L’EMB a toujours été favorable à l'étude de toutes les pistes pouvant mener à une amélioration du bien-être animal, en veillant, autant que possible, à éviter toute souffrance animale comme par exemple, et sans que cela ne soit exhaustif, l’amélioration des formations des sacrificateurs-bouchers, les conditions de vie des animaux dès leur naissance et leur transport vers les abattoirs.
A ce titre, je plaide pour qu’une réelle collaboration ait lieu entre les cultes et philosophies reconnus, les autorités régionales et nationales sur le bien-être animal englobant les conditions de vie des animaux depuis leur naissance.
Cela ne pourra être que bénéfique pour notre société puisque cela permettrait de dépassionner le débat, d’améliorer le bien-être animal et de rétablir la vérité, à savoir que les fidèles musulmans et juifs sont tout autant respectueux du bien-être animal que le reste de la population.
Toutefois, et j’insiste, une interdiction générale de l’abattage rituel s’avère problématique et injuste en regard de la liberté de culte.
Des associations et des politiciens donnent aujourd'hui l'impression d'opposer deux modes d'abattage, l'un qui serait normal et l'autre qui ferait montre d'une certaine cruauté.
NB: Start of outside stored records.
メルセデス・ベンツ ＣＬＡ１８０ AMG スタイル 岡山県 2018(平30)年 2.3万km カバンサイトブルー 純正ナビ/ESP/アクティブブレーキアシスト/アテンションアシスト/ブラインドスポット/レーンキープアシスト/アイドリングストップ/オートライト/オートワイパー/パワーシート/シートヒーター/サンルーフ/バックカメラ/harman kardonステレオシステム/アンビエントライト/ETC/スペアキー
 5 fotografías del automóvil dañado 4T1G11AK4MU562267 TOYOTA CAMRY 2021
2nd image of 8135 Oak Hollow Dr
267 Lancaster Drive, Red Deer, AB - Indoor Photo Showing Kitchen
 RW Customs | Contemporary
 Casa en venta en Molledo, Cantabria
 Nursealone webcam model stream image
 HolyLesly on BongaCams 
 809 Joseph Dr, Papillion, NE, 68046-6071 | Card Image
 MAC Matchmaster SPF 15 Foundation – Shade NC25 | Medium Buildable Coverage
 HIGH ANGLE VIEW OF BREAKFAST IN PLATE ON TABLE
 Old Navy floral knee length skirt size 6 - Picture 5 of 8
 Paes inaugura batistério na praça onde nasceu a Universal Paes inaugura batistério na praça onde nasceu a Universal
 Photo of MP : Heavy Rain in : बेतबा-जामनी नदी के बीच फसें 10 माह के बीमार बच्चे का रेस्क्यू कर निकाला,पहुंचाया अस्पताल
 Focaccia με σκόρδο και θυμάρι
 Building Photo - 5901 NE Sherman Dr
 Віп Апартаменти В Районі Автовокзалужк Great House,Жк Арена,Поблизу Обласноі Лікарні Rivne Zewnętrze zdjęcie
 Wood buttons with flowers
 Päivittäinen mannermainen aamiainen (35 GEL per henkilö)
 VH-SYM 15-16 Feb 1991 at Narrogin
Pourtant, il serait plus opportun de mettre en perspective le bien-être animal avec le mode de production industriel qui, lui, ne vise que le profit et ce, au détriment de toutes autres considérations ! Ce qui n’est évidemment pas le cas de l’abattage rituel.
Dans une société ouverte et tolérante, il est important de travailler ensemble sur le bien-être animal avec toutes les couches de la société, sans stigmatiser certaines communautés. L'empathie et la compréhension mutuelle sont au cœur de nos valeurs communes.